Personal information
- Full name: Stuart Wigney
- Born: 19 April 1969 (age 57)
- Original team: Leongatha
- Draft: No. 20, 1987 national draft
- Height: 191 cm (6 ft 3 in)
- Weight: 99 kg (218 lb)

Playing career^{1}
- Years: Club / Games (Goals)
- 1988–1991: Footscray / 47 (21)
- 1992: Sydney / 01 0(0)
- 1993–1994: Adelaide / 10 (20)
- 1995–1996: Richmond / 14 0(1)
- Total:  / 72 (42)
- ^{1} Playing statistics correct to the end of 1996.

= Stuart Wigney =

Australian rules footballer

Stuart Wigney (born 19 April 1969) is a former Australian rules footballer who played with Footscray, Sydney, Adelaide and Richmond in the Victorian/Australian Football League (VFL/AFL).

Wigney spent his first four seasons at Footscray, having been recruited from Leongatha. He had perhaps his best season in 1990 when he had 284 disposals, 132 marks and kicked 18 goals. It was the same year that he represented Victoria at State of Origin level, against Tasmania.

A key position player, he was traded to Sydney at the end of the 1991 AFL season but made just one appearance for his new club due to an ankle injury.

He was then traded to Adelaide for the 71st pick of the draft, which Sydney used on Mathew Aston.

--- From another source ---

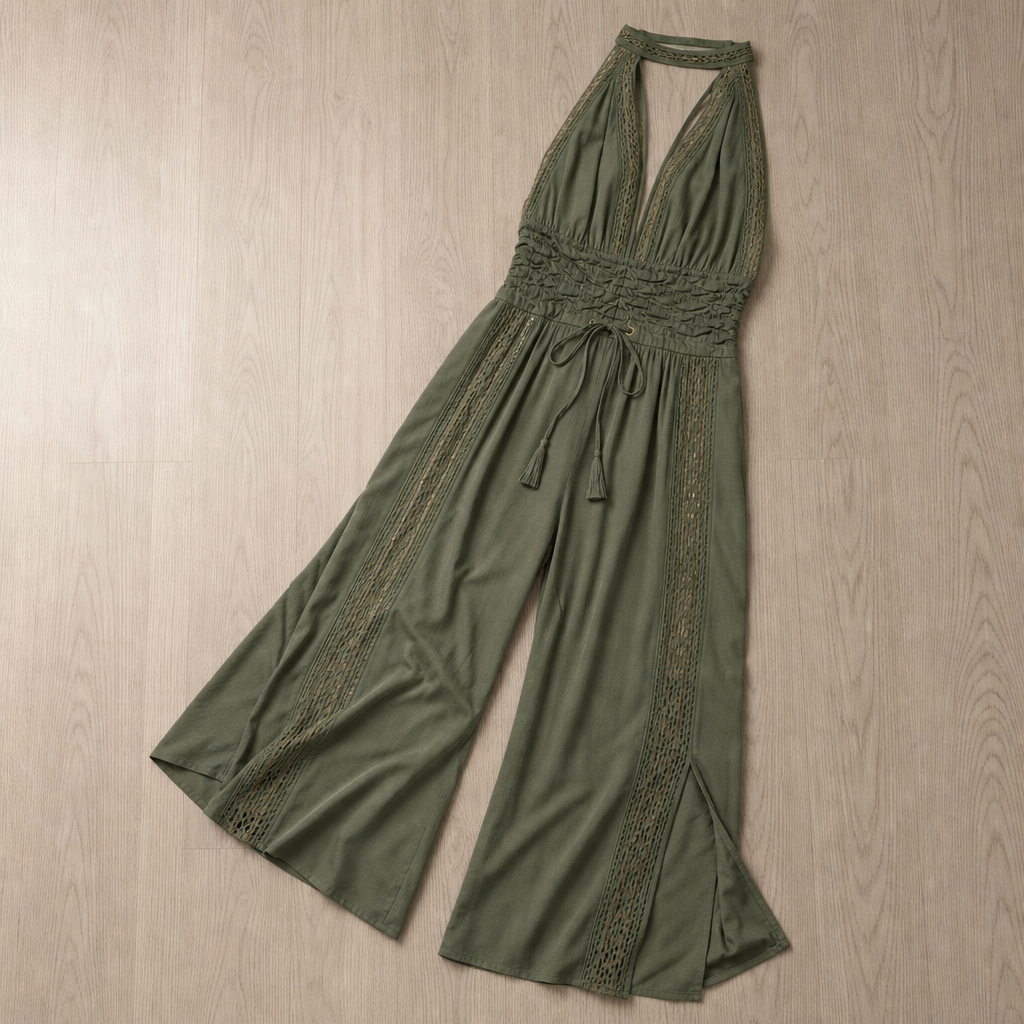 Sitia Lace Panel Halter Jumpsuit in Dusty Sage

After making his Adelaide debut late in the 1993 season, Wigney played a role in their run to the preliminary final, with three goals in their elimination final win over Hawthorn.

His fourth and final club was Richmond, which he joined in 1995 after being de-listed by Adelaide and being picked up with the ninth selection of the pre-season draft. Wigney played three finals for Richmond in 1995.

He has a brother, Brad, who represented South Australia in first-class cricket.